A armadilha invisível
O custo humano de manutenção desses sistemas também é tangível. A BBC explicou isso em seu artigo com casos de profissionais como o psiquiatra Eric Zabriskie, que relata dias inteiros condicionados pela partida de máquinas que demoravam 15 minutos para ligar, ou artesãos como Scott Carlson, que dependem de CNCs que só funcionam com Windows XP (apesar das falhas frequentes). Essa situação gera uma espécie de “dependência surda”, na qual os sistemas permanecem vivos não por nostalgia, mas por necessidade.
Para muitos, o aspecto mais preocupante é a fragilidade estrutural que isso acarreta: a infraestrutura crítica depende de tecnologias para as quais não há mais suporte técnico, nem desenvolvedores disponíveis, nem patches de segurança para lidar com ameaças cibernéticas. Em outros casos, como na rede ferroviária da cidade de San Francisco, cada dia ainda é iniciado inserindo um disquete para carregar um sistema DOS. Sim, a imagem é anacrônica, mas real.
Arqueologia do presente
É claro que nem todos encaram a situação com resignação. Alguns, como a pesquisadora Dene Grigar, adotaram a preservação desses sistemas como uma forma de arte e arquivo cultural. Em seu laboratório de literatura eletrônica na Universidade de Washington State Vancouver, ela mantém 61 computadores antigos, da década de 1970 até o início dos anos 2000, funcionando para preservar obras digitais pioneiras que dependem do hardware e software originais para serem vivenciadas como foram concebidas.

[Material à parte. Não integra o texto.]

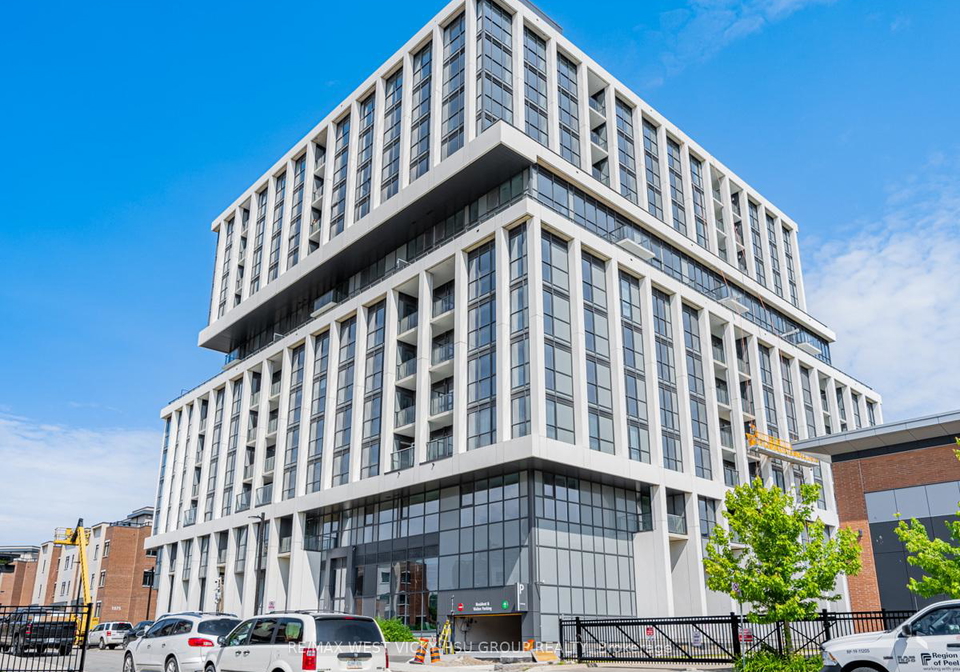 1063-douglas-mccurdy-comm-circle-mississauga-ontario-w13696234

Na opinião de Grigar, os emuladores modernos não conseguem capturar a experiência completa de obras interativas e participativas que definiram os primórdios da narrativa digital. A coleção dela varia de jogos videogames a fanzines do Instagram, tudo mantido com um cuidado quase de “museu”. A única coisa que falta, diz a pesquisadora da WSU Vancouver, é uma máquina capaz de ler disquetes de cinco polegadas.

Império do imortal
O ponto principal é que a longevidade dos sistemas Windows não é coincidência. Em sua essência, está profundamente ligado à filosofia de negócios focada na flexibilidade do cliente: permitir que organizações grandes e pequenas continuem usando seus computadores antigos sem forçá-las a dar saltos tecnológicos disruptivos. Assim, o Windows não é apenas uma ferramenta de produtividade, mas se tornou uma espécie de camada invisível da civilização moderna. E é um paradoxo também, já que enquanto a Microsoft olha para o futuro com seu compromisso com a IA, boa parte do mundo ainda vive dentro do ecossistema que a empresa construiu décadas atrás.

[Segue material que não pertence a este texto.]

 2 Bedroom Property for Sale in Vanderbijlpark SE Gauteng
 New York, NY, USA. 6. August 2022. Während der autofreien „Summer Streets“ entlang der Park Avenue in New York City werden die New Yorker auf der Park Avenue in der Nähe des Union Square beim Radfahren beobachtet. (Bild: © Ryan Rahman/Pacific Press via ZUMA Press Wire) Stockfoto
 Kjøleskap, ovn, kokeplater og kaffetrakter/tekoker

Como o desenvolvedor M. Scott Ford resumiu na matéria produzida pela BBC: “A Microsoft é algo com o qual você fica preso”. A longevidade de seus sistemas legados é uma prova de sua maestria e abordagem empresarial: permitir que os usuários continuem usando equipamentos mais antigos enquanto pagam taxas de licenciamento, uma estratégia que, décadas depois, ainda mantém vivos os fantasmas tecnológicos do passado. Uma espécie de eterno CTRL+ALT+DEL que, como disse Lee Vinsel, professor da Universidade de Virginia Tech, “faz do Windows a infraestrutura definitiva, e é por isso que Bill Gates é tão rico”.